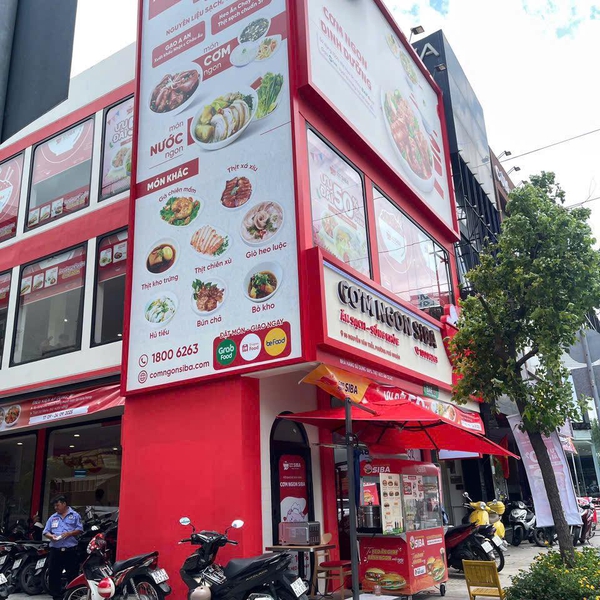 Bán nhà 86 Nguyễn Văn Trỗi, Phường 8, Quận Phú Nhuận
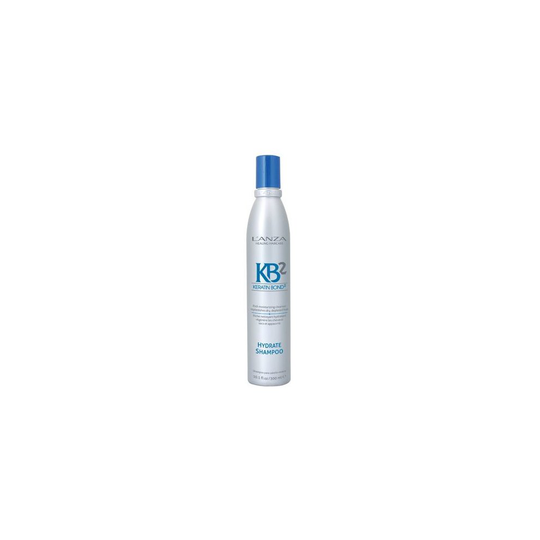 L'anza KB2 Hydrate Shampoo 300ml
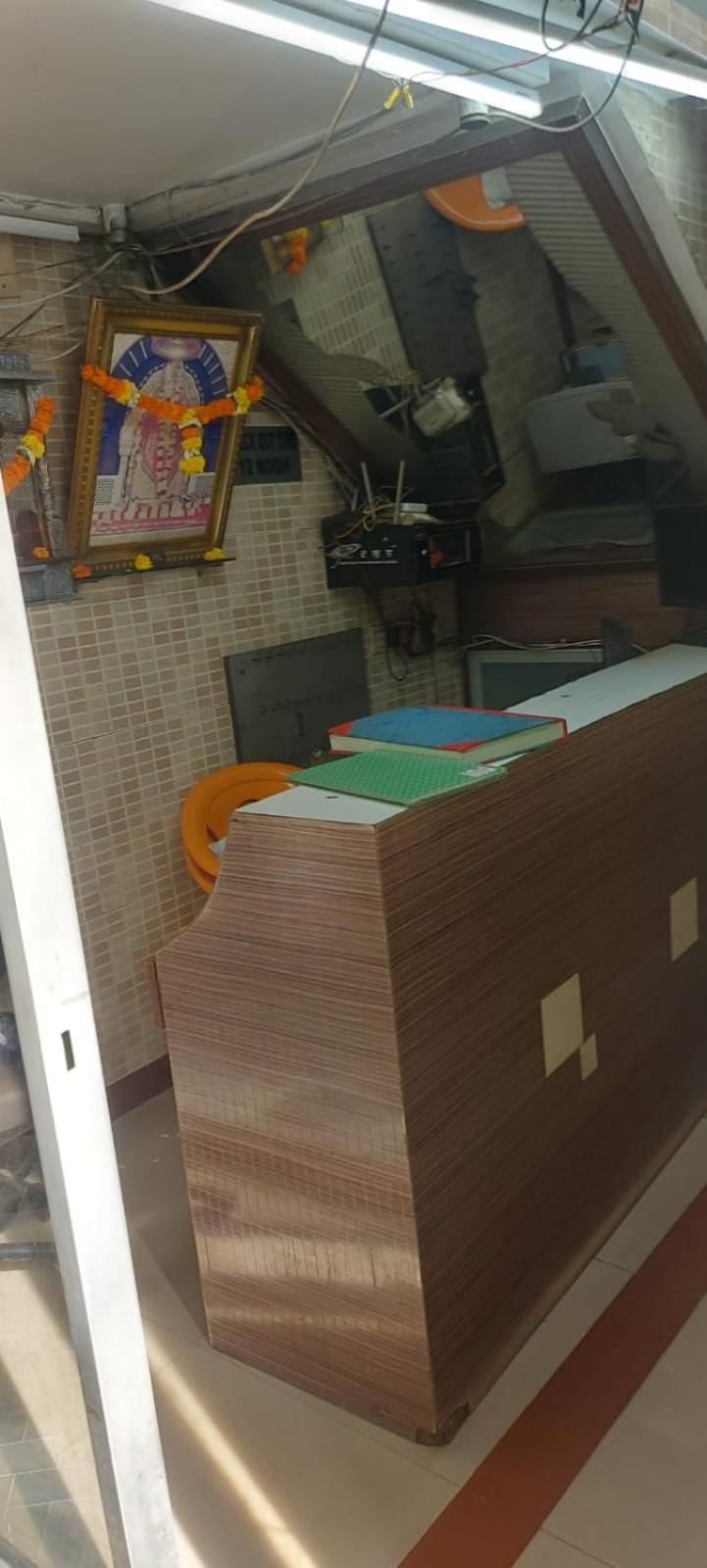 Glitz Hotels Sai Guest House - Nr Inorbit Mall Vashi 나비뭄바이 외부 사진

□ □ □

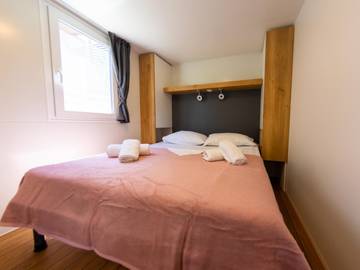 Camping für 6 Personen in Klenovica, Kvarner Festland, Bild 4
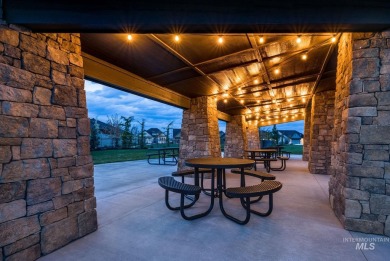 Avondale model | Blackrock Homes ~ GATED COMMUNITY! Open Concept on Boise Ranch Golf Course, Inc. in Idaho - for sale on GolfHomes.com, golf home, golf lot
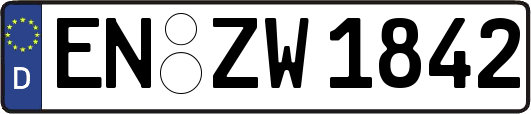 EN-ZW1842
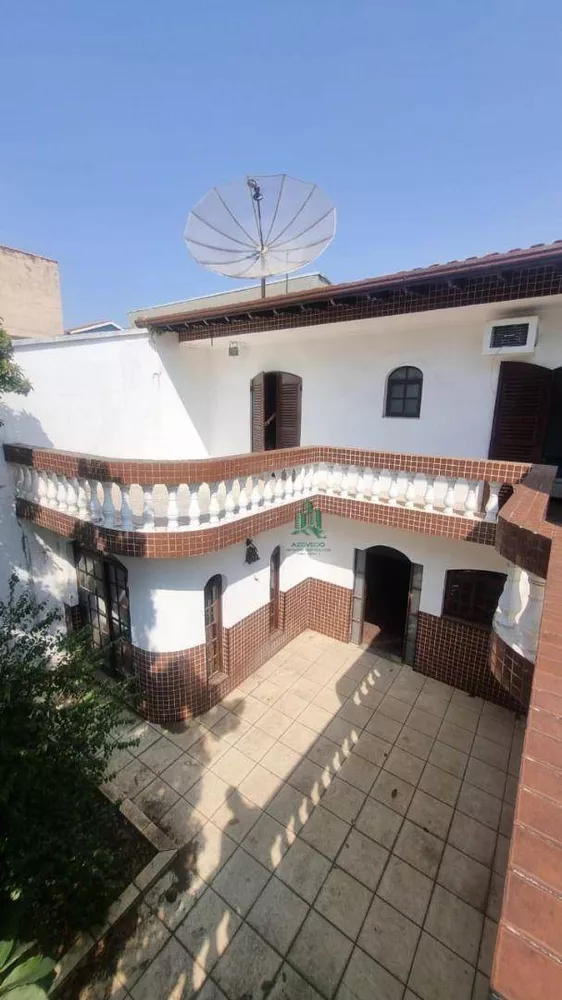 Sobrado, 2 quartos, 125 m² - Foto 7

□ □ □

## Task to carry out
All that should be printed is the run of lines above from the one with "L'anza KB2 Hydrate Shampoo 300ml" through the one with "Glitz Hotels Sai", both included, exactly as given, with pictures left out.

## Exercise response
 L'anza KB2 Hydrate Shampoo 300ml
 Glitz Hotels Sai Guest House - Nr Inorbit Mall Vashi 나비뭄바이 외부 사진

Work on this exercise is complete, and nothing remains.